**Provided records**
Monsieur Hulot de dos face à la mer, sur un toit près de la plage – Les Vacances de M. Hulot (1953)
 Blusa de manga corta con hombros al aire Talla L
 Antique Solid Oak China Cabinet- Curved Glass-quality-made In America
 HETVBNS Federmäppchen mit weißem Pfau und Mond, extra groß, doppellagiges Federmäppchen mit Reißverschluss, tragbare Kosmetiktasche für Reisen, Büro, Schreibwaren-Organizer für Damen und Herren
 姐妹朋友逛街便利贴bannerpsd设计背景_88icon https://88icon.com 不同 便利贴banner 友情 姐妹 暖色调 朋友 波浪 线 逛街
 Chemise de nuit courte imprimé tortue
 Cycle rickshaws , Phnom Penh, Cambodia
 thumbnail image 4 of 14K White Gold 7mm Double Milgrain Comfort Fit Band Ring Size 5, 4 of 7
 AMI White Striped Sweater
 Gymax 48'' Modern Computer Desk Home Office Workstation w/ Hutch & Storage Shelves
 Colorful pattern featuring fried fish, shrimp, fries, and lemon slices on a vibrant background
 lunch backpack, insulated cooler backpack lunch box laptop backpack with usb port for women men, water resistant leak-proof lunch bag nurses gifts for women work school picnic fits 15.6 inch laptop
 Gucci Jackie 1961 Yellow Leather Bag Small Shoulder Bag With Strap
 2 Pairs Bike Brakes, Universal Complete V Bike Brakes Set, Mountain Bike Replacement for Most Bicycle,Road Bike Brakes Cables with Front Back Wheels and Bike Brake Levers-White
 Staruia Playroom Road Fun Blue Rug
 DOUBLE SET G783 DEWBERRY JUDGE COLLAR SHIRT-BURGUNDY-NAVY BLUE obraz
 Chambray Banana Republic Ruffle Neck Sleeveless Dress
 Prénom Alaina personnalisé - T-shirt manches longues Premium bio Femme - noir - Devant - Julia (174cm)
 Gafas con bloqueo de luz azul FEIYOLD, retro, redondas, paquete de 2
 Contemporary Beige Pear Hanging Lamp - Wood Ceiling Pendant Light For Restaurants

**Problem statement**
Go through the material and report each line that holds the string "White".

**Written solution**
 thumbnail image 4 of 14K White Gold 7mm Double Milgrain Comfort Fit Band Ring Size 5, 4 of 7
 AMI White Striped Sweater
 2 Pairs Bike Brakes, Universal Complete V Bike Brakes Set, Mountain Bike Replacement for Most Bicycle,Road Bike Brakes Cables with Front Back Wheels and Bike Brake Levers-White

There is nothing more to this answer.